Here, we use equation \eqref{eq:bf5}

\mathrm{B}(x,y)\mathrm{B}(x+y,z)\mathrm{B}(x+y+z,u) = \frac{\Gamma(x)\Gamma(y)}{\Gamma(x + y} \times \frac{\Gamma(x+y)\Gamma(z)}{\Gamma(x + y + z} \times \frac{\Gamma(x+y+z)\Gamma(u)}{\Gamma(x + y + z + u}

The generalization of equation \eqref{eq:bf8} is evident.

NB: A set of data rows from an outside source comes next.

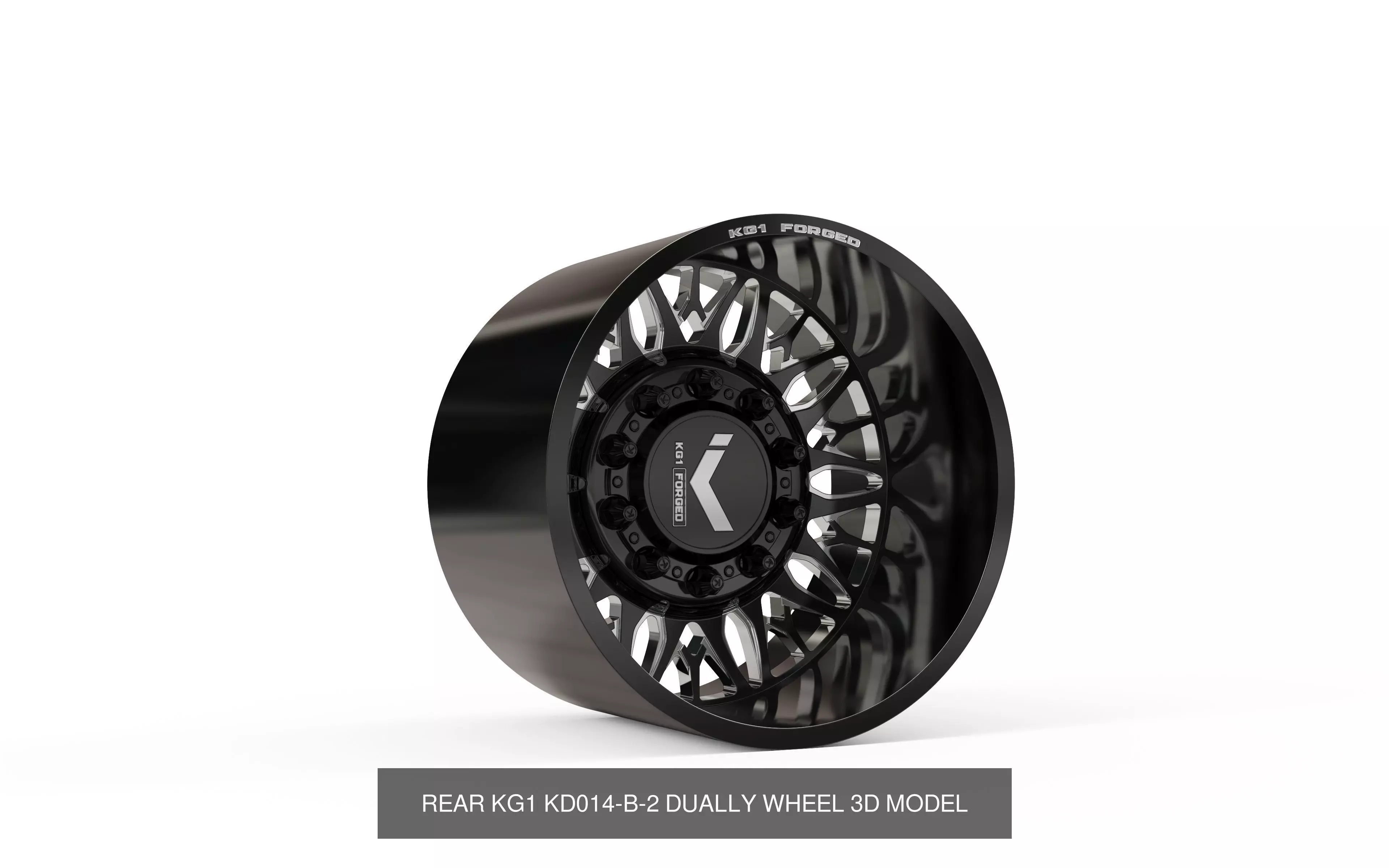 best seller KG1 forged dually wheels 3D Model Collection_10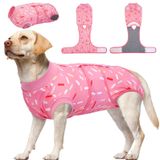 Dog Recovery Suit Kuoser Para Cães Machos Fêmeas Após Cirurgia
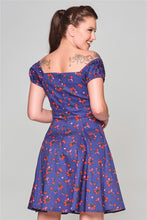 Load image into Gallery viewer, Dolores Mixed Berries Mini Dress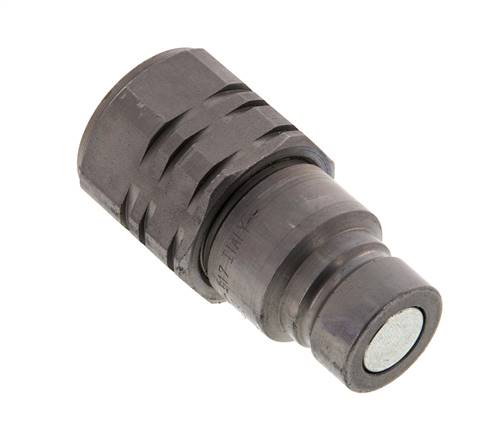 Acero DN 12.5 Enchufe hidráulico de cara plana G 1/2 pulgadas rosca hembra ISO 16028 D 24.5mm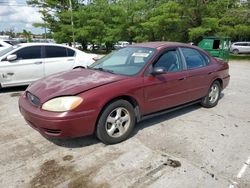 Salvage cars for sale at Lexington, KY auction: 2004 Ford Taurus SES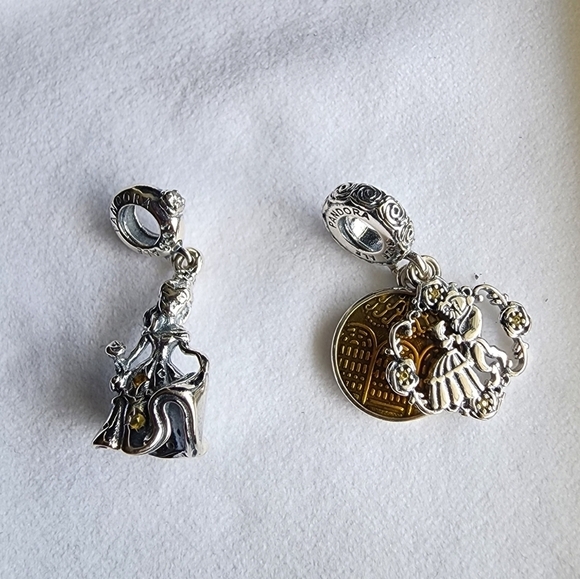 NEW Disney Beauty and the Beast charms bundle for Pandora bracelet - Picture 2 of 3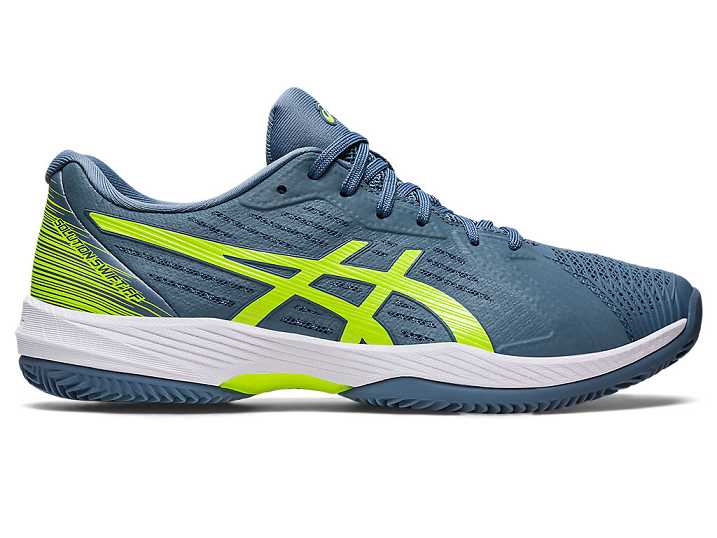 Asics SOLUTION SWIFT FF CLAY Moški Teniški Copati Sive Modre Zelene | Slovenija-6157248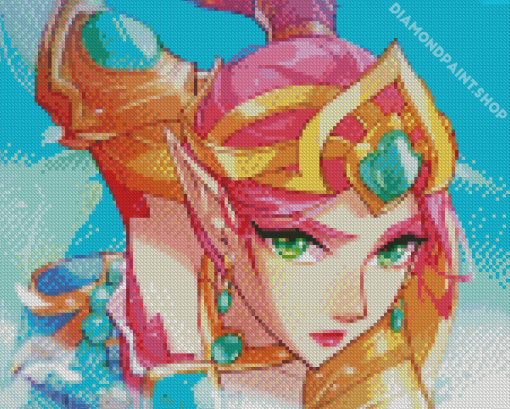 Battle Queen Janna Diamond Painting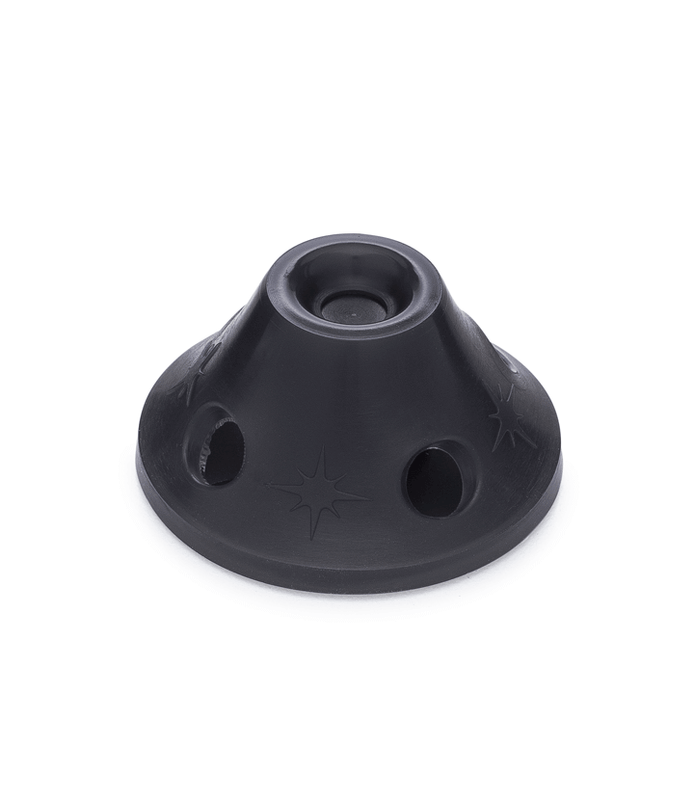 15pc - Jumbo Spoolies® in Mesh Bag, Shadow Black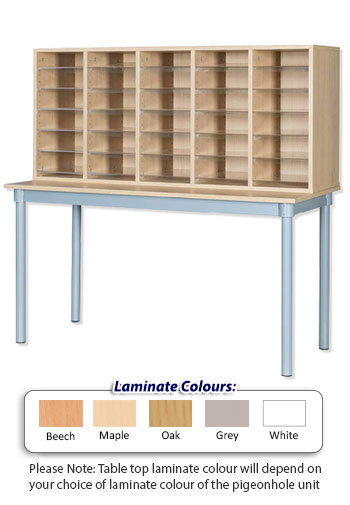 30 Space Pigeonhole Unit with Table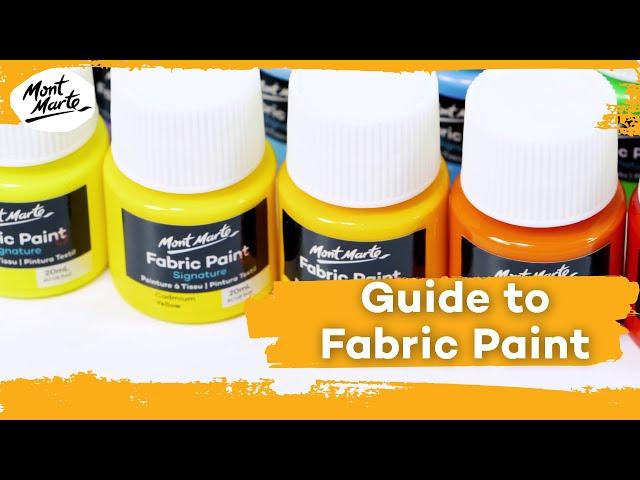 Guide to Fabric Paint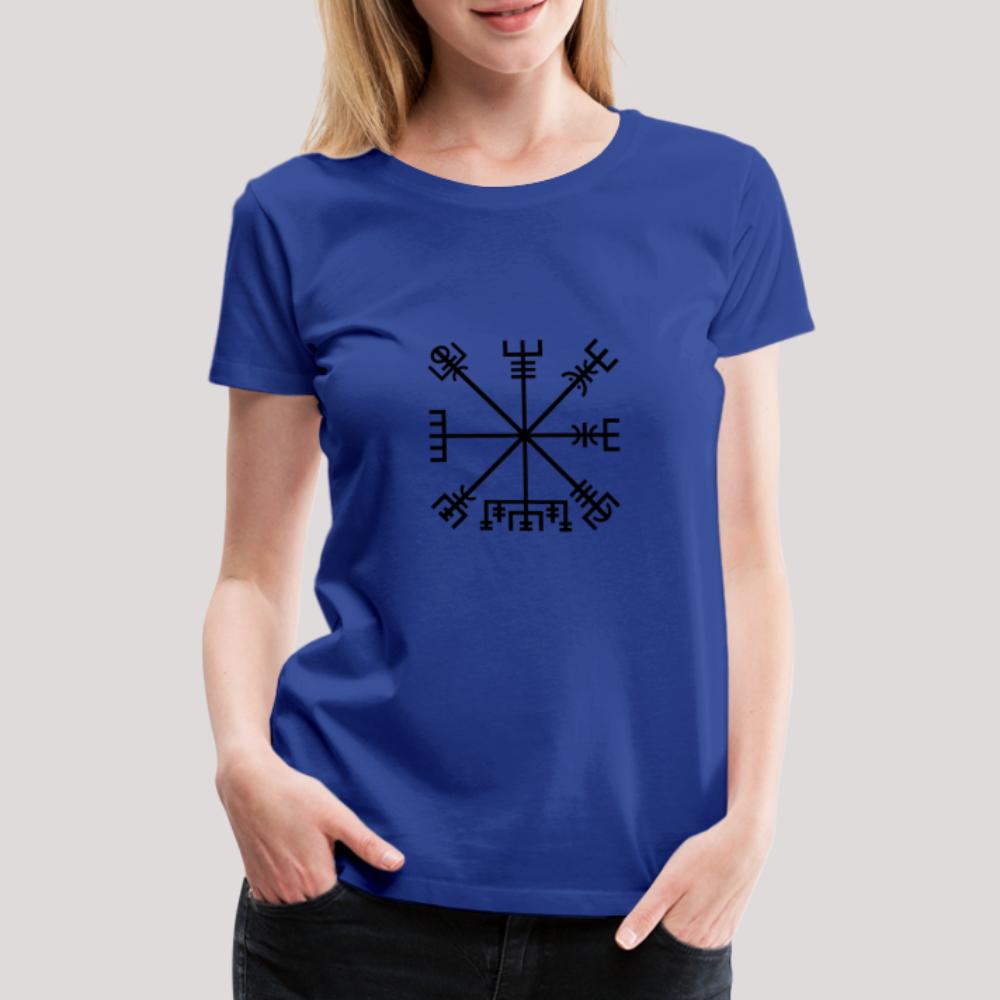 Vegvisir - Frauen Premium T-Shirt Königsblau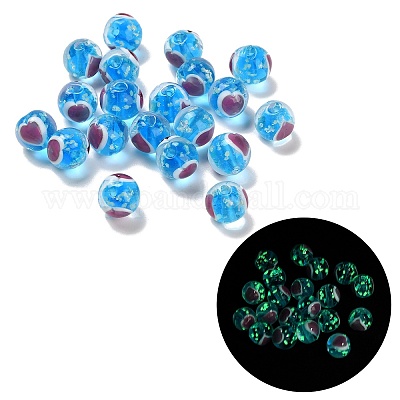 Бусины лэмпворк  LAMP-B030-01G-1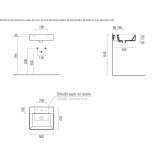 Prostokątna umywalka ceramiczna z przelewem Sanem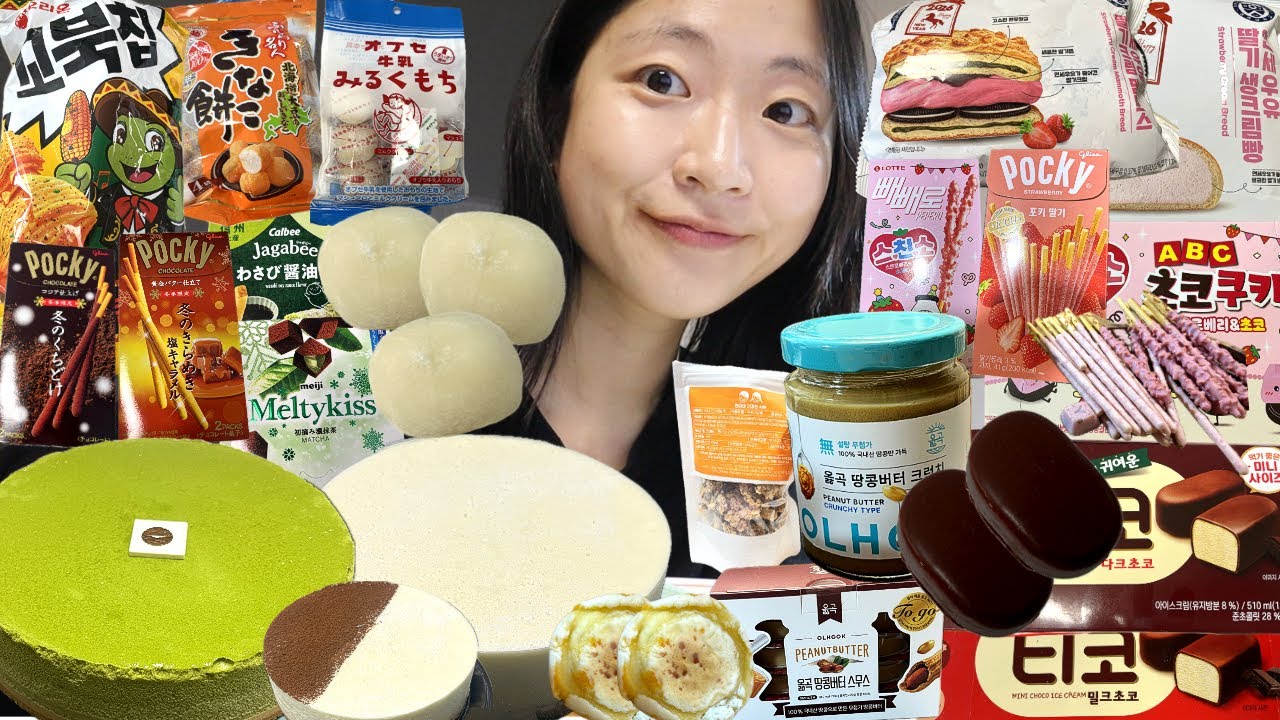 육퇴하고 디저트! 그런데 2시간 동안!!🤣💛 오설록,프로마쥬 치즈케이크, 옳곡, 땅콩버터,일본과자,연세우유,딸기크림빵,맘모스빵,모찌,티코,딸기과자,스친소,빼빼로,뚜레쥬르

\frac{1}{\mathrm{B}(n,m)} = m \binom{n+m-1}{n-1} = n \binom{n+m-1}{m-1} \,\, \mathrm{for} \,\, n,m \in \mathbb{Z}^{+}
\label{eq:bf9}
\tag{9}

We use the following relationships and then invoke equation \eqref{eq:bf5}

n! = \Gamma(n+1), \quad n! = n(n-1)!, \quad \binom{n}{k} = \frac{n!}{k!(n-k)!}

\frac{1}{\mathrm{B}(n,m)} = \frac{\Gamma(n + m)}{\Gamma(n)\Gamma(m)} = \frac{(n + m – 1)!}{(n – 1)!(m – 1)!} =
m\frac{(n + m – 1)!}{m!(n – 1)!} = m \binom{n+m-1}{n-1}

We can do the same for the last part of equation \eqref{eq:bf9}.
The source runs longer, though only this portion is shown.